ウイルス検出率とパフォーマンスが重要なのはもちろんだが、製品を選択する際には、「機能」と「サポート」にも注目しよう。例えば、今回取り上げた無料版のavast!とAVG Anti-Virusにはウイルス対策の機能しかない。そのほかのセキュリティ対策も1つの製品で済ませたい場合は、統合型製品を選択する必要がある。今回取り上げたこれら以外の製品は統合型製品。なおAVG Anti-Virusについては、有料の統合型製品も用意されている。

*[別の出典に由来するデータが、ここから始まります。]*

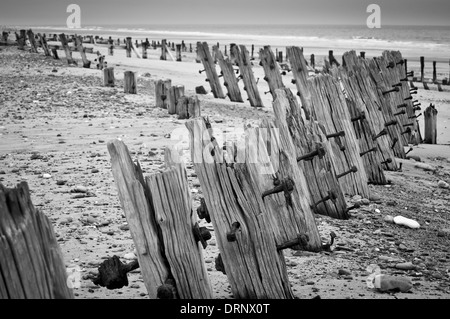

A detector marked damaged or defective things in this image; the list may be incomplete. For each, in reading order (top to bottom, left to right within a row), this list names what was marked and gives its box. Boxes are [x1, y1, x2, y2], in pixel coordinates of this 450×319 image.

broken post stump [168, 85, 184, 115]
broken post stump [197, 42, 225, 99]
broken post stump [214, 46, 243, 102]
broken post stump [232, 44, 264, 108]
broken post stump [0, 182, 74, 300]
broken post stump [109, 141, 214, 300]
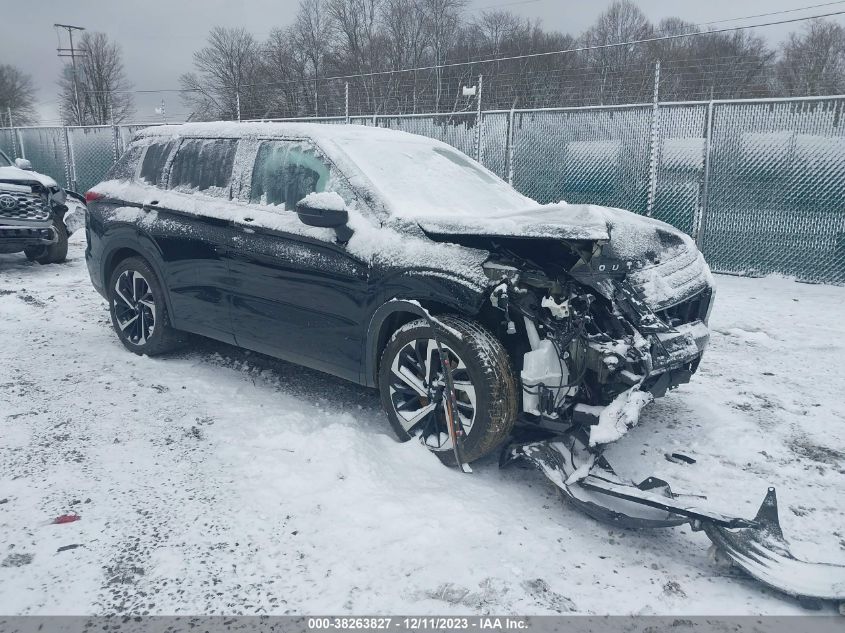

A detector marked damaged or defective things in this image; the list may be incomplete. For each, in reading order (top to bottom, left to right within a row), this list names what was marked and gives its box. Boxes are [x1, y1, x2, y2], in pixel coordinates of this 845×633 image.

crumpled hood [0, 167, 57, 189]
damaged front end [482, 228, 712, 444]
detached bumper part [502, 434, 844, 604]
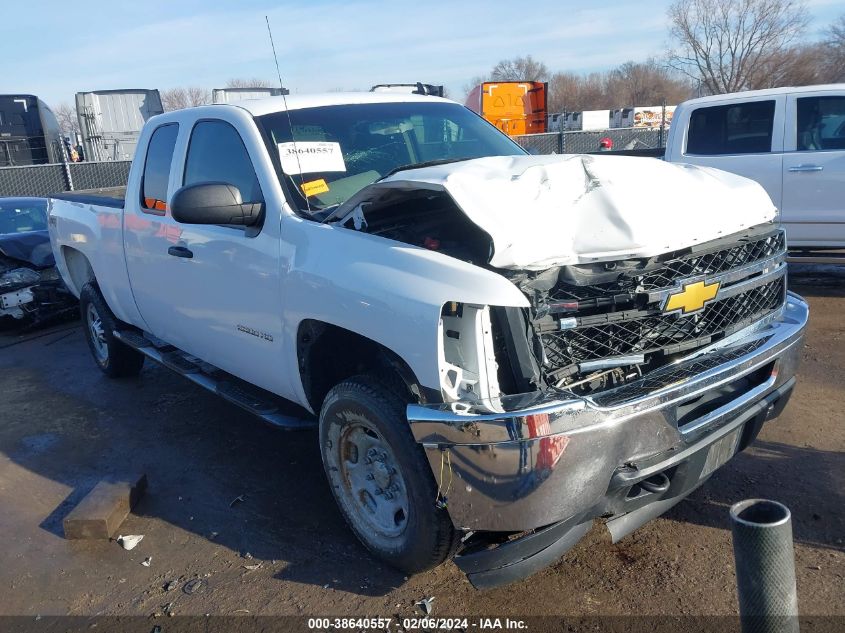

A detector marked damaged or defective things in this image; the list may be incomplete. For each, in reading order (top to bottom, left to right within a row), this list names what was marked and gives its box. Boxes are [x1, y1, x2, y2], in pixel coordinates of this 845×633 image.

crushed hood [0, 231, 54, 268]
crushed hood [366, 156, 776, 270]
damaged white truck [49, 92, 808, 588]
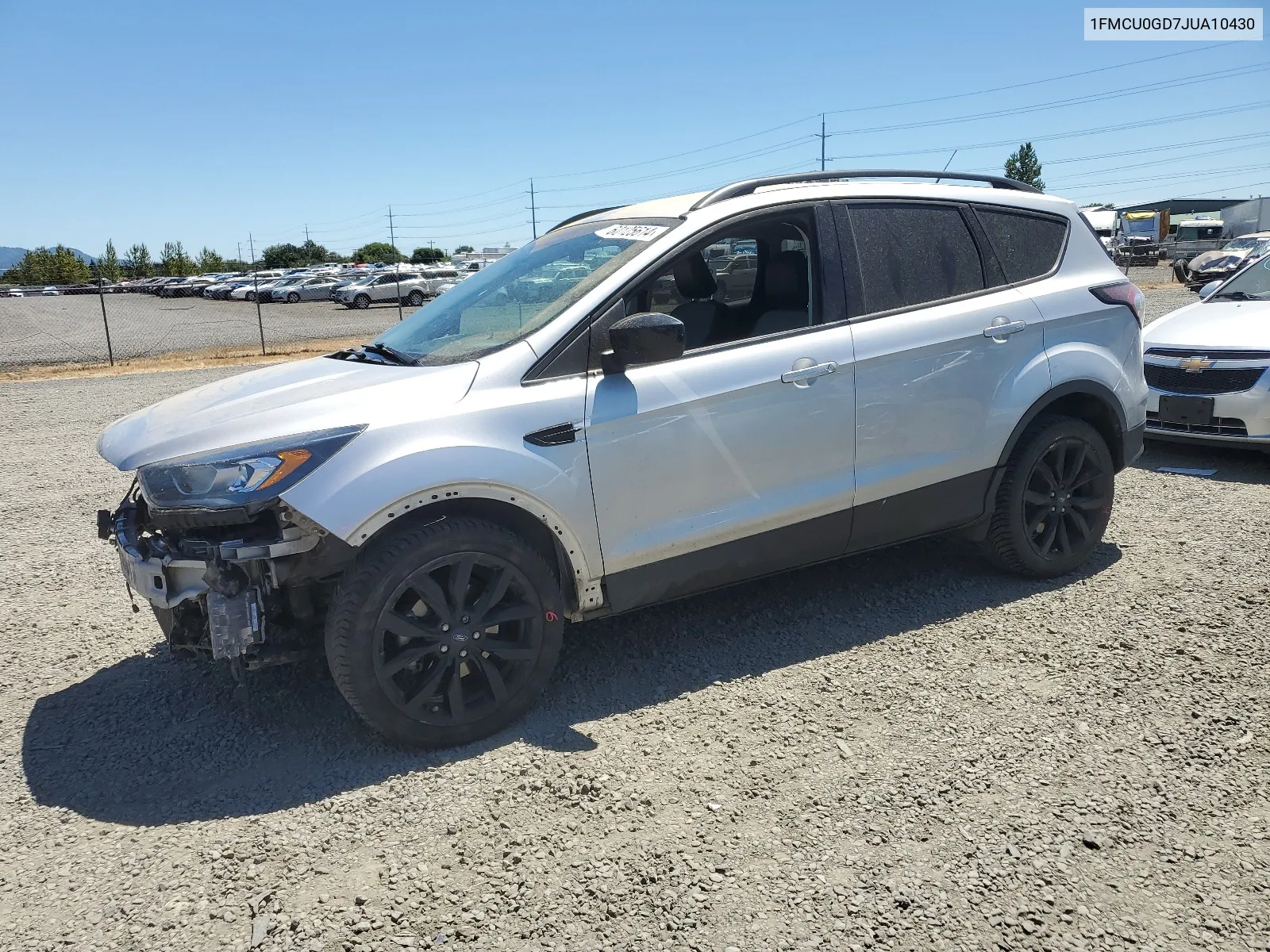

 統合型製品が備える代表的な機能の一つがパーソナルファイアウオール(図1)。Windows XPやVistaには標準で「Windows ファイアウォール」が搭載されているが、統合型製品のファイアウオールでは、より細かな設定が可能。また、頻繁に警告を出さないようにしていることも最近の製品の特徴だ。信頼できるアプリケーションについてはあらかじめ登録されていて、いちいちユーザーに尋ねることなく通信を許可する製品が多い。

ファイアウオールで守りを固める
図1●ファイアウオールで守りを固める
今回取り上げた製品のほとんどは、パーソナルファイアウオール機能を備える。いずれの製品でも、特定のアプリケーションの通信を遮断するような細かな設定が可能だが、ほとんどの製品は初期設定のままで問題なく利用できる。左はカスペルスキー インターネット セキュリティ 7.0、右はマカフィー・インターネットセキュリティスイートのファイアウオール設定画面。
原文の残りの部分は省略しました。